How we exploited CodeRabbit: From simple PR to RCE and write access on 1M repos (research.kudelskisecurity.com)

I find it very hard to justify investing time into learning something that's neither open source nor has multiple interchangeable vendors. Being good at using Nvidia chips sounds a lot like being an ABAP consultant or similar to me. I realize there's a lot of money to be made in the field right now, but IIUC historically this kind of thing has not been a great move.

Philpax · 13m ago

There's more in common with other GPU architectures than there are differences, so a CUDA consultant should be able to pivot if/when the other players are a going concern. It's more about the mindset than the specifics.

saagarjha · 16m ago

Sure, but you can make money in the field and retire faster than it becomes irrelevant. FWIW none of the ideas here are novel or nontransferable–it's just the specific design that is proprietary. Understanding how to do an AllReduce has been of theoretical interest for decades and will probably remain worth doing far into the future.

nickysielicki · 4h ago

The calculation under “Quiz 2: GPU nodes“ is incorrect, to the best of my knowledge. There aren’t enough ports for each GPU and/or for each switch (less the crossbar connections) to fully realize the 450GB/s that’s theoretically possible, which is why 3.2TB/s of internode bandwidth is what’s offered on all of the major cloud providers and the reference systems. If it was 3.6TB/s, this would produce internode bottlenecks in any distributed ring workload.

Shamelessly: I’m open to work if anyone is hiring.

aschleck · 2h ago

It's been a while since I thought about this but isn't the reason providers advertise only 3.2tbps because that's the limit of a single node's connection to the IB network? DGX is spec'ed to pair each H100 with a Connect-X 7 NIC and those cap out at 400gbps. 8 gpus * 400gbps / gpu = 3.2tbps.

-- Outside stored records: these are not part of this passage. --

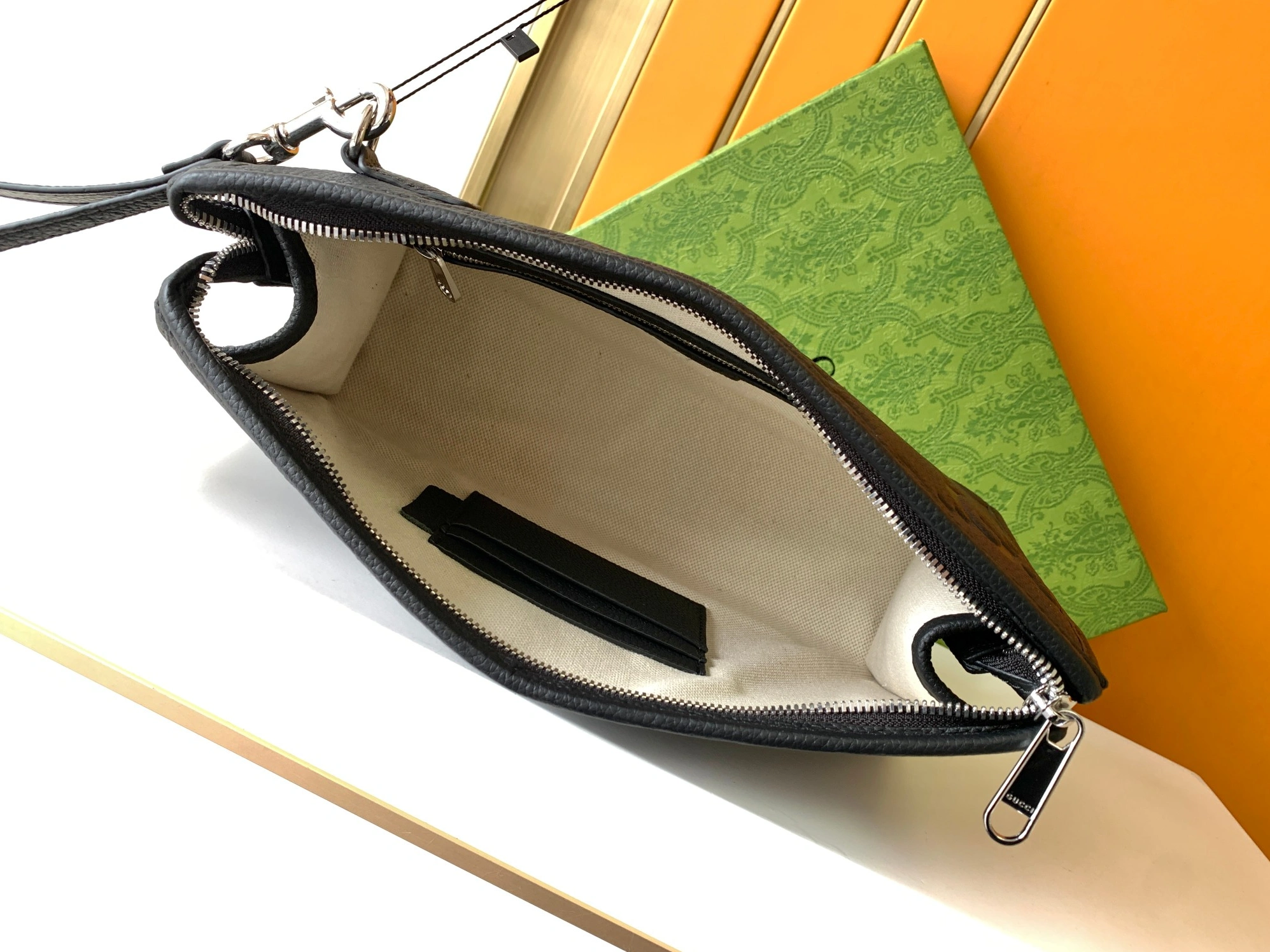 Refined 2063 Gucci AAA Man Wallets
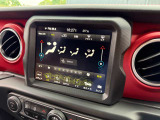 運転席・助手席の温度調節を個々に設定できるデュアルゾーンオートエアコンを装備しております。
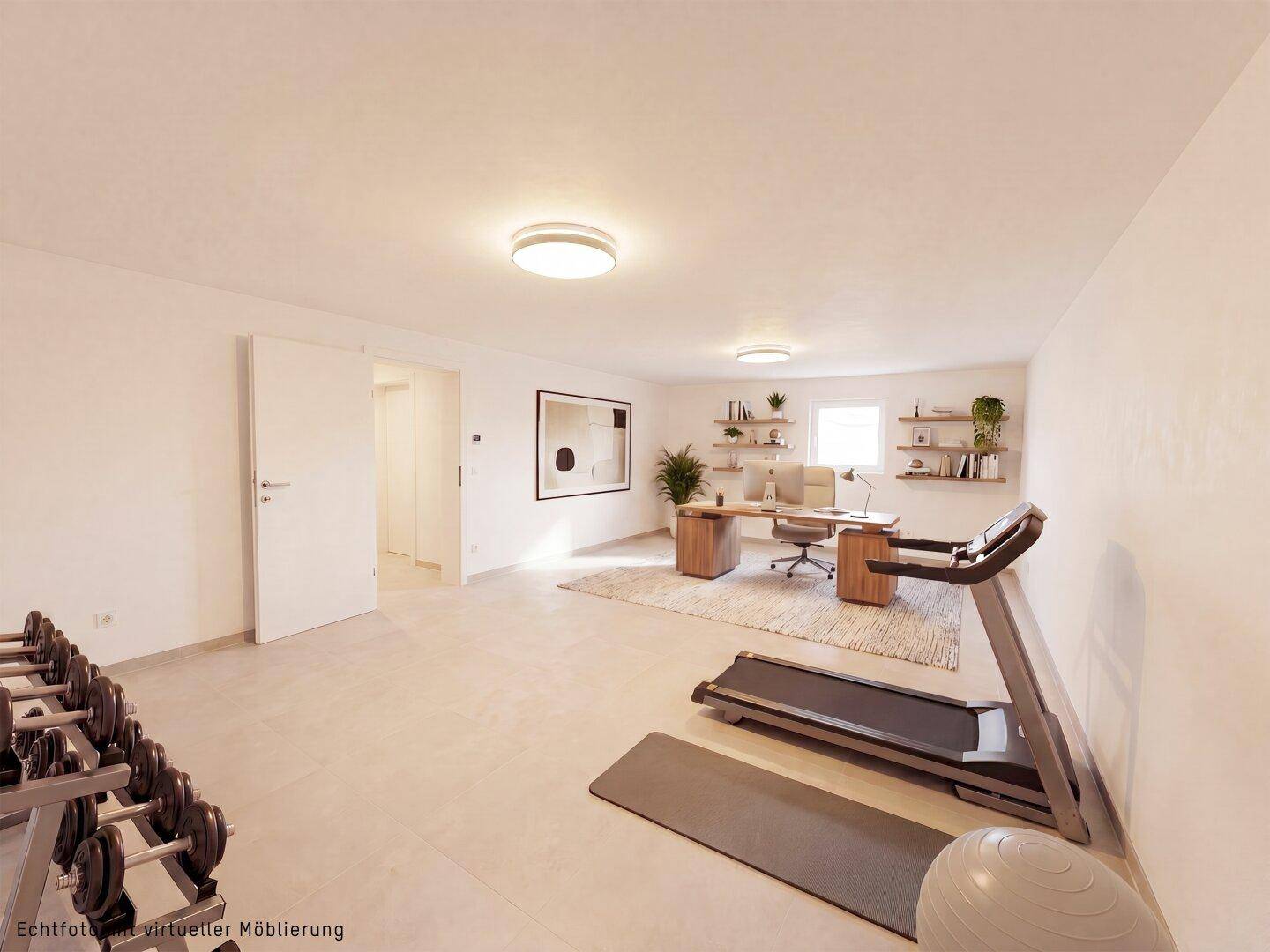 Großer Raum, virtuell als Fitness- und Arbeitsbereich eingerichtet, mit Fliesenboden.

Quiz 2 is confusingly worded but is, iiuc, referring to intranode GPU connections rather than internode networking.

physicsguy · 2h ago

It’s interesting that nvshmem has taken off in ML because the MPI equivalents were never that satisfactory in the simulation world.

Mind you, I did all long range force stuff which is difficult to work with over multiple nodes at the best of times.

gregorygoc · 2h ago

It’s mind boggling why this resource has not been provided by NVIDIA yet. It reached the point that 3rd parties reverse engineer and summarize NV hardware to a point it becomes an actually useful mental model.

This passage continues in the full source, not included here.